Complainants manifested that since 1984, they were not receiving the statutory minimum wage. They also averred that petitioner should not be categorized as an establishment with paid-up capital of P500,000.00 or less inasmuch as it erroneously based its claim on the value of its declared real property and not its paid-up capital.
On November 13, 1989, petitioner filed a motion to conduct a time and motion study to determine the fair and reasonable wage rates to be paid to complainants.
On March 22, 1990, Director Melencio Q. Balanag of the DOLE Regional Office in Cotabato City, issued a Compliance Order [1] ruling:
Petitioner filed a motion for reconsideration claiming that serious errors were committed in the findings of fact which would cause it grave and irreparable damage or injury. This was denied for lack of merit in an Order [3] dated June 29, 1990 which, in part, said:
"x x x A three (3) year actual payrolls from March 1985 to February 1989 showing the daily actual payment made by the respondent to involved workers are substantial evidence against the mere memorandum issued by the respondents on the matter. Further, such payrolls submitted by respondents are not mere summaries of daily efforts of workers but these are daily records showing workers actual daily rate." [4]
On July 30, 1990, petitioner appealed to the Secretary of Labor and Employment. This was denied in the Order [5] dated April 15, 1991 of public respondent, Undersecretary Cresenciano B. Trajano, holding that:
Hence, this petition.
On May 13, 1991, the Court issued a Temporary Restraining Order enjoining respondents from implementing the Order dated April 15, 1991, March 22, 1990, and June 29, 1990 in RO XII Case No. SK-C1-02088-06. The Court further required petitioner to file a bond in the amount of P10,000.00. [7]

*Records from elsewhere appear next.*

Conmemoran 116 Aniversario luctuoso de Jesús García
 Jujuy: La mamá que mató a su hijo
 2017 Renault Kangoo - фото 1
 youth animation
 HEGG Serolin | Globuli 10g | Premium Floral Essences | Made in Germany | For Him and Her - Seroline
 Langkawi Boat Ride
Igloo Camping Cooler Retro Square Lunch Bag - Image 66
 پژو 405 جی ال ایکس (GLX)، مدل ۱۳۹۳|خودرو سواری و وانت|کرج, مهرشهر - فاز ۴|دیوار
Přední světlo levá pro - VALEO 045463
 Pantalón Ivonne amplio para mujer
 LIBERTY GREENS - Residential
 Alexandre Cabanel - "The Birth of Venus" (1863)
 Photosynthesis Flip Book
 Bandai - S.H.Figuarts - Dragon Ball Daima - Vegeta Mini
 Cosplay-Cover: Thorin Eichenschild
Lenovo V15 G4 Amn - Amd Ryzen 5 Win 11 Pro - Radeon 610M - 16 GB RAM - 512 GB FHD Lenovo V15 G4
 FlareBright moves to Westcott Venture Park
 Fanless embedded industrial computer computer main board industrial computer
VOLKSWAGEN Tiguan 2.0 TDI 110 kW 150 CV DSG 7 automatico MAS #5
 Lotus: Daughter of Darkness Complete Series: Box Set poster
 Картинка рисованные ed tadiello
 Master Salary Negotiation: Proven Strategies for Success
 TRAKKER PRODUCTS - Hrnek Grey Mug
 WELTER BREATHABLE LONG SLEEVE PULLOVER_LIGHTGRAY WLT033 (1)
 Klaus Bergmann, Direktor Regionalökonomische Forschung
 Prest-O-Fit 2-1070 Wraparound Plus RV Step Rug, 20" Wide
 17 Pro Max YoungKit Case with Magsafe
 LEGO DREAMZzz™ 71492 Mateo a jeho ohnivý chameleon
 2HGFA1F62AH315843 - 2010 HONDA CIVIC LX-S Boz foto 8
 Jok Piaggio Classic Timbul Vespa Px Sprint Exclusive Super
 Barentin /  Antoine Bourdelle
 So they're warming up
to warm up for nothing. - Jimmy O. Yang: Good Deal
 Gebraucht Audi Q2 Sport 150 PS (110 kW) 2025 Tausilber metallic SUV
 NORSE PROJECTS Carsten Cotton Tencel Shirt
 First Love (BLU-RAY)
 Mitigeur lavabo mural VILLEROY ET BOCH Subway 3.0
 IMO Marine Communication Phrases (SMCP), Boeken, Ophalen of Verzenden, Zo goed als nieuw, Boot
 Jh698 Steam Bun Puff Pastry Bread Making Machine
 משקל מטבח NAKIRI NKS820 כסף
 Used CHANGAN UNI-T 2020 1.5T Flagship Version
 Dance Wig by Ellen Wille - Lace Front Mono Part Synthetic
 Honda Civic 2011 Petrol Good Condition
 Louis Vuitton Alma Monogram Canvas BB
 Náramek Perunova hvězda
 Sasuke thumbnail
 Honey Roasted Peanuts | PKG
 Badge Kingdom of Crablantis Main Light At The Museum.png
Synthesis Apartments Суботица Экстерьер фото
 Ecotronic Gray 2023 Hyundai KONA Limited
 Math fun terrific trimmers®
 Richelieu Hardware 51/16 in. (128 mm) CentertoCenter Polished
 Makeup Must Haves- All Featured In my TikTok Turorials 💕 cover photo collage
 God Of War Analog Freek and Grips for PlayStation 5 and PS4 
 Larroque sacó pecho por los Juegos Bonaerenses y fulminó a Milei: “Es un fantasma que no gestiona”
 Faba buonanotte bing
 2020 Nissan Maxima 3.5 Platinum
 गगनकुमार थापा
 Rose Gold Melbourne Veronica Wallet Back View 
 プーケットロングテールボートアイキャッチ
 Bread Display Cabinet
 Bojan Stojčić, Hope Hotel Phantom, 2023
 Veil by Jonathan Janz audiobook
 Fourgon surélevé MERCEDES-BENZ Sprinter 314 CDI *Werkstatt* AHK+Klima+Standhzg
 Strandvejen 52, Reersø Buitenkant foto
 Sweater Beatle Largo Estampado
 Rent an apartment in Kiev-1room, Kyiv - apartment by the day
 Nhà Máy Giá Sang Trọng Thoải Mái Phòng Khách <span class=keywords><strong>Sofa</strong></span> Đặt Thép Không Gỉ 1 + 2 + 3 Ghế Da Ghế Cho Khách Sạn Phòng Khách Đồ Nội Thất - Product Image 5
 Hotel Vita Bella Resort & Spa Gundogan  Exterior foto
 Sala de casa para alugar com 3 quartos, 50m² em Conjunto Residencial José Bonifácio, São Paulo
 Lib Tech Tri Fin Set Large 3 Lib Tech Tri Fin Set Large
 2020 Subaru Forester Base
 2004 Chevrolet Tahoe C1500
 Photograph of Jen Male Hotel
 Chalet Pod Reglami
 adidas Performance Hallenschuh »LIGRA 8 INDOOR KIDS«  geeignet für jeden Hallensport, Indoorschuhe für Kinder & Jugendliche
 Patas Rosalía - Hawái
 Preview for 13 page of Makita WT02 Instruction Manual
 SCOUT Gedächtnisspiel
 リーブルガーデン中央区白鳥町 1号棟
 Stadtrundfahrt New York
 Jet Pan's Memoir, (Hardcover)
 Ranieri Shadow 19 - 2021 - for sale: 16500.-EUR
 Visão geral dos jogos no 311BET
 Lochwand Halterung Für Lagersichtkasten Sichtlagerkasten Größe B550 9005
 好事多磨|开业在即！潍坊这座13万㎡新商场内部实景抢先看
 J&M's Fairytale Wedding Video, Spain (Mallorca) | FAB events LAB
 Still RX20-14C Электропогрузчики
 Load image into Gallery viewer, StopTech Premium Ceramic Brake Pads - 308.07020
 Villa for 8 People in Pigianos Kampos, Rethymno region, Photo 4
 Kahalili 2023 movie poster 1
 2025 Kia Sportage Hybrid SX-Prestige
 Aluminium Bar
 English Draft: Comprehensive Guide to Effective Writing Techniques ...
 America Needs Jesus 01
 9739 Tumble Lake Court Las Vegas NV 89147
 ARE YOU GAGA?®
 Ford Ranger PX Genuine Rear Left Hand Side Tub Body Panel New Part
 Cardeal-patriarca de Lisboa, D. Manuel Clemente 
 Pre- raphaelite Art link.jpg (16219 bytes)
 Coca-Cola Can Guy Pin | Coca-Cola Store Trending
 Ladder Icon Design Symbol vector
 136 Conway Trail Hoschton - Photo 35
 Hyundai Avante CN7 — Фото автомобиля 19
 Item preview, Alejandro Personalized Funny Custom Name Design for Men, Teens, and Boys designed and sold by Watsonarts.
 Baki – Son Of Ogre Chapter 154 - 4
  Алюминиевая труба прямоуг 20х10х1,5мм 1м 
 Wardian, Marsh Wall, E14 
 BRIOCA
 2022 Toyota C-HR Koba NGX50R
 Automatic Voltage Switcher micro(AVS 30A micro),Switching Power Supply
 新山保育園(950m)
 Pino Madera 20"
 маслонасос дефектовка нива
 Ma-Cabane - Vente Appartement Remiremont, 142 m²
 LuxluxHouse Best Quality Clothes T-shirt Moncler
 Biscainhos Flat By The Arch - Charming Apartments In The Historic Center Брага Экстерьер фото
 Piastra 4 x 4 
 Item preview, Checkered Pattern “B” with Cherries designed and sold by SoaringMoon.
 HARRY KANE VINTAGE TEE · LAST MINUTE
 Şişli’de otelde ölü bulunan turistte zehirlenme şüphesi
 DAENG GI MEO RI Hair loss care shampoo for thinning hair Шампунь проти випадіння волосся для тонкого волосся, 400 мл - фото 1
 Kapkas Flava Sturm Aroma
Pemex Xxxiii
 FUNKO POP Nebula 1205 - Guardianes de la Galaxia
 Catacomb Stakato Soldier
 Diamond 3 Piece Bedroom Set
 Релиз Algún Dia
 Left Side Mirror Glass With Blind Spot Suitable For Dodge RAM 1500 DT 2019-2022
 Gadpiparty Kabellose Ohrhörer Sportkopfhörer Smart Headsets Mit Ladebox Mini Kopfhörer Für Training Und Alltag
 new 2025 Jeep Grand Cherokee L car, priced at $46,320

Petitioner alleges that public respondents committed grave abuse of discretion in not categorizing it as an establishment with less than 30 employees and with a paid up capital of P500,000.00 or less and in not finding that complainants are piece rate workers or paid by results.
We find no grave abuse of discretion on the part of public respondents.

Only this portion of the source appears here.